26.10.2005
Alberto Varanda

Nos amis lusophones n'ont pas les mirettes ensablées
Alberto Varanda, c'est tout un poème qui nous vient du pays de Fernando António Nogueira Pessoa. Un trait entre la ligne claire et les pleins et déliés, un souci du détail qui vise à la perfection, des dessins comme un cliché arrêté : posture, premier plan, second plan... Le grand Alberto ne fait pas de l'illustration ou de la BD, c'est du synopsis de film, en particulier sa trilogie de bande dessinée Bloodline.
Son style fait parfois penser à Crisse (L'Epée de cristal, Kookaburra...) bien que Varanda ne courbe pas tant ses traits. Les dessins d'Alberto ont aussi ce je-ne-sais-quoi de brillant, luisant : son trait semble "gominé". Parmi ses autres réalisations BD, citons La Geste des Chevaliers Dragons, Reflets d'écume et récemment Paradis Perdu.
Après avoir bossé sur le dessin animé Lucky Luke et pour le magazine Tintin, Varanda s'est lancé dans la BD et semble avoir trouvé le parfait scénariste en les personnes* d'Ange (ou encore G.E. Ranne). Il a d'ailleurs fait la plupart des couvertures de leurs romans. Sa rencontre avec Croc lui a ouvert les portes de Siroz (devenu Asmodée).

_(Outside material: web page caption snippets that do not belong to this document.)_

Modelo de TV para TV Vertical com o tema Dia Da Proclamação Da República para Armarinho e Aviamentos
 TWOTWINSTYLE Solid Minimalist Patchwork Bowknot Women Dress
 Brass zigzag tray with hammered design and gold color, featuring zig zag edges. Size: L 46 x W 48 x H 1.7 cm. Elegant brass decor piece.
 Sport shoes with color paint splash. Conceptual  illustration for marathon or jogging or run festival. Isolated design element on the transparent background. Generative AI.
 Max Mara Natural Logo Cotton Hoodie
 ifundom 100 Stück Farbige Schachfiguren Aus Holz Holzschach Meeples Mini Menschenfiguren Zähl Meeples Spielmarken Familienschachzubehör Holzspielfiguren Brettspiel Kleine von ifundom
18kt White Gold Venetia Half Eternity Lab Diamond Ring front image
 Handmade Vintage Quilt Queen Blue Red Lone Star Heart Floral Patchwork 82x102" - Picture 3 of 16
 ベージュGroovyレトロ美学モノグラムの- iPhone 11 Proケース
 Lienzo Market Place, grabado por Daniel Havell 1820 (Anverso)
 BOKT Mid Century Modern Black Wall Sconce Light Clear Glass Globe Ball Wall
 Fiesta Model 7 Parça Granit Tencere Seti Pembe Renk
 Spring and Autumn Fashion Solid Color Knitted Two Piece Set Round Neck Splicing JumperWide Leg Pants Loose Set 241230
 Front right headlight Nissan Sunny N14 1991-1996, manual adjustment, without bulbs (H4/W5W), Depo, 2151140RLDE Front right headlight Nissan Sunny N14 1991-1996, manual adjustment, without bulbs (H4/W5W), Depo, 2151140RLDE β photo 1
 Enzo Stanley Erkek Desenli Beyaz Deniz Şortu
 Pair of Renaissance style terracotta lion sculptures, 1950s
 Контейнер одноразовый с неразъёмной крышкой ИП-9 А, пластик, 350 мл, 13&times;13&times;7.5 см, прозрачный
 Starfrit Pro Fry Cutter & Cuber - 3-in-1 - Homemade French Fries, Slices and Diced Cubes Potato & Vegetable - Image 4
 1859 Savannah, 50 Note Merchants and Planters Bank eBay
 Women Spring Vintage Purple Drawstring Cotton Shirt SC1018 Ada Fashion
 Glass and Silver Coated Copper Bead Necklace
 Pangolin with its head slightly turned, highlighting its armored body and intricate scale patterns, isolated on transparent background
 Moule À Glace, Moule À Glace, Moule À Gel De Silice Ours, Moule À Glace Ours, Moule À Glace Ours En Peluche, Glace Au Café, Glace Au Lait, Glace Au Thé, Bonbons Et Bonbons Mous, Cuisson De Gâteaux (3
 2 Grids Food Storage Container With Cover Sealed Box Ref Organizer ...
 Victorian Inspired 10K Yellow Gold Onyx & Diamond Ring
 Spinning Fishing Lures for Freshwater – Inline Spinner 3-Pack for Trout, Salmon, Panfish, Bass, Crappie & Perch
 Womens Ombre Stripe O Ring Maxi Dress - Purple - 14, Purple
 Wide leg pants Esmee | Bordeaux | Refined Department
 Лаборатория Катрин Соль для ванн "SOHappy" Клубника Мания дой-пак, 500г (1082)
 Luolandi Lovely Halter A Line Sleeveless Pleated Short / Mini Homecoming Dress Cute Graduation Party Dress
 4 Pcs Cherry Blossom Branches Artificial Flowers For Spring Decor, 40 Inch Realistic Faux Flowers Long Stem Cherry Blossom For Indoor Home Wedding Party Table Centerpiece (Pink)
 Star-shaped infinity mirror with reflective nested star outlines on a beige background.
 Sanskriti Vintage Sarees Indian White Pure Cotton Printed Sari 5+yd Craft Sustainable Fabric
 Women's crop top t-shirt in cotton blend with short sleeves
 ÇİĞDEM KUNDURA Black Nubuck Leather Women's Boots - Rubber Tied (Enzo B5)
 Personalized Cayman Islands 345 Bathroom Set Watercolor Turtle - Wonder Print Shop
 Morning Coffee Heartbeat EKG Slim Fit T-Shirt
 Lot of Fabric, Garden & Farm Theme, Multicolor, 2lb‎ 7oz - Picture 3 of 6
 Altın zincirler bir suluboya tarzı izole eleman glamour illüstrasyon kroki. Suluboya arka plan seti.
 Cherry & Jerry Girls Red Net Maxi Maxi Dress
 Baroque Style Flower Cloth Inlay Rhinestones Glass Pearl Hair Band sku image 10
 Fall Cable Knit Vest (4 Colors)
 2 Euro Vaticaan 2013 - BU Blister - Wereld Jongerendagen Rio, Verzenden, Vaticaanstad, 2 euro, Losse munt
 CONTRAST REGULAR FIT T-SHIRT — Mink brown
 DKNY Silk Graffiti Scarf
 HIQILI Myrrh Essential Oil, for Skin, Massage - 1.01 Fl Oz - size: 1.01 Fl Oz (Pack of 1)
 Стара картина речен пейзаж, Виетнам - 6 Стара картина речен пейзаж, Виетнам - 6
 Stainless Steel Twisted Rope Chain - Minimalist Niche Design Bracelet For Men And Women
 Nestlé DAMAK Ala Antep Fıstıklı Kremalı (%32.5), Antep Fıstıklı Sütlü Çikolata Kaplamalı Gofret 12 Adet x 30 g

En dehors de Djoul dont la connaissance et la collection en BD frise l'encyclopédisme, la [Fumble Team] a surtout connu Varanda pour ses illustrations de jeux de rôles made in Siroz comme Bloodlust (ouh là, c'est pas tout jeune ça), l'excellent Bitume, Scales et enfin In nomine Satanis/Magna Veritas où Alberto nous a gratifié d'illustrations sublimes.
* ne faites pas cette tête là, tout s'explique quand on sait qu'Ange et G.E. Ranne sont en fait le pseudo d'Anne et Gérard Guéro.